En appliquant maintenant le même principe à la lumière artificielle, nous pouvons constater que la lumière bleue (prenons 464nm – très importante dans les lampadaires à DEL) se diffusera presque trois fois plus qu’une émission jaune (580 nm – émission des sources au sodium ou des DEL ambrées).
Qu’est-ce que ça veut dire au concret? Si nous avons une source de lumière bleue dans un luminaire et une autre jaune dans un même type de luminaire (parfaitement identique), ayant la même distribution et le même flux lumineux, grossièrement, l’atmosphère retournera trois fois plus de lumière bleue vers la terre (voir figure – réalisée par l’AstroLAB et la Réserve Internationale de Ciel Étoilé du Mont-Mégantic, qui en ont autorisé la publication).
Et cette lumière bleue a des impacts connus : rend difficiles les observations astronomiques et a un impact incontestable et incontesté sur les cycles circadiens des mammifères (ne pas oublier que l’être humain est un mammifère).
Mais l’intention n’est pas de parler de ces effets, du moins pas maintenant.
Cette chronique a été commencée après un des lunch-éclairs de IES Montréal, durant lequel un confrère ingénieur a parlé des PPP (Daniel Bourgeois – Projets en mode PPP et leurs effets sur l’illumination – http://montreal.iesna.net/). Ce qui m’a choqué et a déclenché ma réflexion a été… Comment le nommer! Un paradoxe? Une évidence? Dans un projet en PPP (Partenariat Publique Privé) le partenaire privé a des objectifs d’efficacité énergétique à atteindre. Des objectifs facilement quantifiables par l’économie d’énergie. Et quelle est la source moderne la plus efficace? Les DEL bleues!

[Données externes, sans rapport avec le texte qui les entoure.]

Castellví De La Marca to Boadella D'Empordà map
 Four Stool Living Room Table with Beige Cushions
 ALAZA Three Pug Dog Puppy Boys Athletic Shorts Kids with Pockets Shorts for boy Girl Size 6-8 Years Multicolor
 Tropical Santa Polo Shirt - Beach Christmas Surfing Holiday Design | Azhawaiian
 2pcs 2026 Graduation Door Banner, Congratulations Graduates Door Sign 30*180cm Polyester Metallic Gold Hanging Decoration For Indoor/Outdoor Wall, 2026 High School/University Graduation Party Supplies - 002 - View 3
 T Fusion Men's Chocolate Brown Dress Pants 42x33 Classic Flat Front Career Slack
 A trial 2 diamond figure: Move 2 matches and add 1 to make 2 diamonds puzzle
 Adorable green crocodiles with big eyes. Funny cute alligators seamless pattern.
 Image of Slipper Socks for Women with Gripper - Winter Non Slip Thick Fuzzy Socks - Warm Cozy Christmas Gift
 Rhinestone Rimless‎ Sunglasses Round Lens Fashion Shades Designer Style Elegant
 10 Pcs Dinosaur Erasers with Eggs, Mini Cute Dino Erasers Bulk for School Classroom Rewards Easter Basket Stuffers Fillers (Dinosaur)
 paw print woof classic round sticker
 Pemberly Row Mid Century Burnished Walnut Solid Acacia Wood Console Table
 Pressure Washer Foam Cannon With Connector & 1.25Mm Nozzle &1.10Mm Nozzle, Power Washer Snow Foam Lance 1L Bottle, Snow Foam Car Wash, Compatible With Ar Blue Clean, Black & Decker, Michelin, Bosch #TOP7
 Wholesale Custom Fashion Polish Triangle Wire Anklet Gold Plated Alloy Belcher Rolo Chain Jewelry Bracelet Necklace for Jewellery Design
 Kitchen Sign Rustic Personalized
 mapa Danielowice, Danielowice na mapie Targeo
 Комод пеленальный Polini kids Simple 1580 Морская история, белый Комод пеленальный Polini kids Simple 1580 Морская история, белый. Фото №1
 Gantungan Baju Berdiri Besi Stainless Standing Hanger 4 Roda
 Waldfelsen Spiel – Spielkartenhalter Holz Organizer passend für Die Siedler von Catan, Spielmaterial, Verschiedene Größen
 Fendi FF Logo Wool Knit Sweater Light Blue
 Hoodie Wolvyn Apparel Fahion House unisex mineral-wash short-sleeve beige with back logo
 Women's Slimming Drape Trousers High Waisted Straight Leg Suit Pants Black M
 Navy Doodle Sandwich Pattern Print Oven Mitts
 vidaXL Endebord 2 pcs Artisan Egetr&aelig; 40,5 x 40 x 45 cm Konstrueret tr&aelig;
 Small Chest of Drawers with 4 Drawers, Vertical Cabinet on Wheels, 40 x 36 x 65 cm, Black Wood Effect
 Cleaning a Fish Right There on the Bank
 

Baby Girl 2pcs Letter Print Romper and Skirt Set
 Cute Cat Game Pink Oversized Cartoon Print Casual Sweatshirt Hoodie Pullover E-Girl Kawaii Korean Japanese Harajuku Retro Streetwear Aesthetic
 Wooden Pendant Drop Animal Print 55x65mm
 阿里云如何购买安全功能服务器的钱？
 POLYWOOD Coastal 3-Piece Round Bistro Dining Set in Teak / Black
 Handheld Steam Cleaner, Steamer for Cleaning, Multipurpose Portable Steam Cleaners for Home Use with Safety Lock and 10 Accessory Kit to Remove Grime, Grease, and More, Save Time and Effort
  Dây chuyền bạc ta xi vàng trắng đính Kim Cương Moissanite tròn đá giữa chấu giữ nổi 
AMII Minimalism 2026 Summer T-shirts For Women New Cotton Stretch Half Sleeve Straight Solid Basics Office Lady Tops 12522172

Sans insister trop sur le paragraphe antérieur (impact sur le cycle circadien), une réalité est venue sonner une autre cloche : une conseillère d’une très petite municipalité m’a téléphoné quelques jours à peine après la présentation d’IES. Elle s’était absentée quelques mois pour des raisons familiales et à son retour a constaté qu’un contrat avait été octroyé pour faire la conversion des luminaires de la municipalité. Tout a été fait en grande vitesse car les subventions d’Hydro-Québec pour les DEL cessaient au 31 mars (c’était dans la deuxième moitié de février). Plus que ça, les luminaires venaient d’être installés et… catastrophe! L’éclairage était (et je cite:) « laid et trop puissant »!!! Les citoyens étaient en colère. Aucun contrôle n’avait été prévu. Il ne restait pas grande chose à faire…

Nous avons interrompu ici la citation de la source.